パムク氏『わたしの名は紅』を読了、『雪』は21頁
犯人については、作者が彼と決めたのだから彼なのだろう、という印象。
推理小説に足るだけの予備知識が読者に伏せられ、あるいはいい加減さのうちに放置されたまま、犯人が挙がってしまったという感じなのだ。
蝶、コウノトリ、オリーヴ、誰が犯人であったとしても、読者としては推理が的中したという満足感を覚えるわけにはいかないだろう。誰であってもいい感じだ。作者はそんな書きかたしかしていない。
作品全体においても、そうしたご都合主義、一貫性のなさが何とはなしに感じられ、竜頭蛇尾の感が否めないが、これは厳しい見方をした場合であって、現代書かれた文学作品の中では間違いなく手ごたえのある作品、ノーベル文学賞に選ばれた作家にふさわしい作品といえるだろう。
どこまでが資料に添ったもので、どこまでが作者の想像力の産物であるのか、わたしには想像もつかないが、16世紀末におけるオスマン・トルコ帝国の首都イスタンブルを舞台に選んで、よくあれだけ重厚、精緻に細密画師の世界が描けたものだと感心する。
当時のイスタンブルに生きる細密画師たちがペルシアを、イタリアを、インドを、さらには中国をどのように意識していたのかが生々しく描かれている。
単純ではない人間の複雑な内面がよく描かれていて、どの登場人物をとっても、そのような描かれかたをしている。『わたしの名は紅』において、ステレオタイプの人間は登場しなかった。
ただ、ミステリー仕立てということを作者が意識しなければ、複雑さを備えたままで、その人間固有の匂い、その人間固有の内的色合いをもっと強く打ち出せたのではないだろうか。
工房の頭で、細密画師たちの父親役をも務めていたといっていい名人オスマンは、工房内部で自らが育んできたものが瓦解するのを目の当たりにし、ついに両目の瞳に針を刺す。
殺人犯は、カラ、2人の細密画師たちによって、両目の瞳を刺される。この場面でわたしは、作者が影響を受けたという谷崎潤一郎のことを思い出し、『春琴抄』を連想してしまった。

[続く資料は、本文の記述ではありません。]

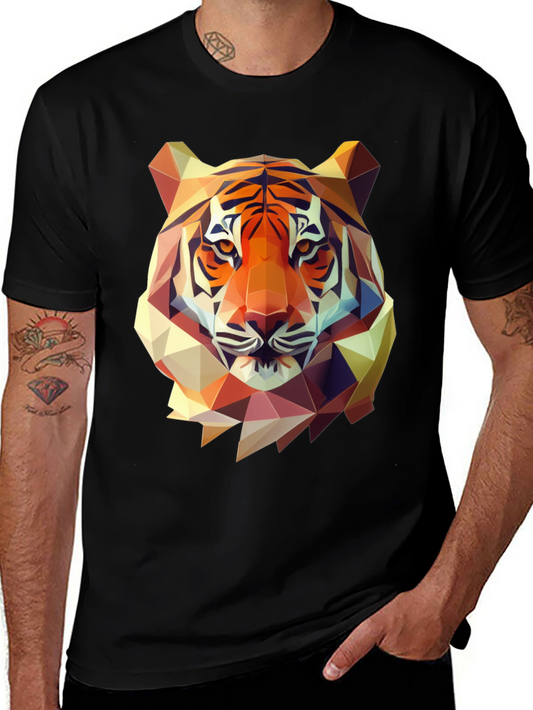 Geometric Tiger Graphic Tee - Mens Black T-Shirt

この目潰しという点だけとれば、パムクの小説の場合はちょっとわざとらしい。
細密画とはアラーの神がどうご覧になるかを絵の中で探し求めることである。そしてその無比なる光景は、厳しい研鑽生活の末に、細密画師が精根尽きて到達する盲目の後に思い出される、盲目の細密画師の記憶によってわかるのだ。年老いた細密画師は、この幻想がわが身におこった時、つまり記憶と盲目の暗闇の中で眼前にアラーの光景が現れた時、傑作を手が自ら紙の上に描くことができるようにと、全生涯を手を慣らすことに費やす。
と、オリーヴが伝える細密画師の名人セイット・ミラキの言葉から考えても、盲目というのは細密画師にとっては最高の勲章ともなりうる事態なのだ。
絶望感から、自然が与えてくれる盲目の機会を自ら放棄したオスマン。そして、怒りと恐怖から、かつては仲間であった犯人に、逆しまな価値を付加した盲目を制裁としてもたらしたカラたち。
彼らの盲目へのこの過剰な拘りが、細密画師たちのそれまでの高度な芸術観や、それらのせめぎあいと相容れず、リアルな彼らの世界を戯画化してしまったようにわたしには感じられるのだ。
非合法コーヒーハウスの噺し家の造形は、秀逸だった。それにしても、哀れなあの殺されかた! 彼に語りのネタを提供していたのは細密画師たちだったのだ。
『わたしの名は紅』の中で、これは作りすぎでは、と思えた部分は少なくないが、そのうちの一つと感じられながらも、わたしが登場人物の中で一番好きだったシェキュレの下の男の子、可愛いオルハンがこの作品を書いたことがわかる結末部は、作者から贈られたプレゼントのようにも想えた。
あの可愛らしかったオルハンが、このように絢爛豪華で、さらにはエログロも多少はある複雑な物語を書いたのだと思うと、こちらの気持ちも複雑にはなるけれど。。。
『わたしの名は紅』は間を置きながらの読書となったので、読み直したい気がするが、かなりの厚さなのでしんどい……『雪』へ進むことにした。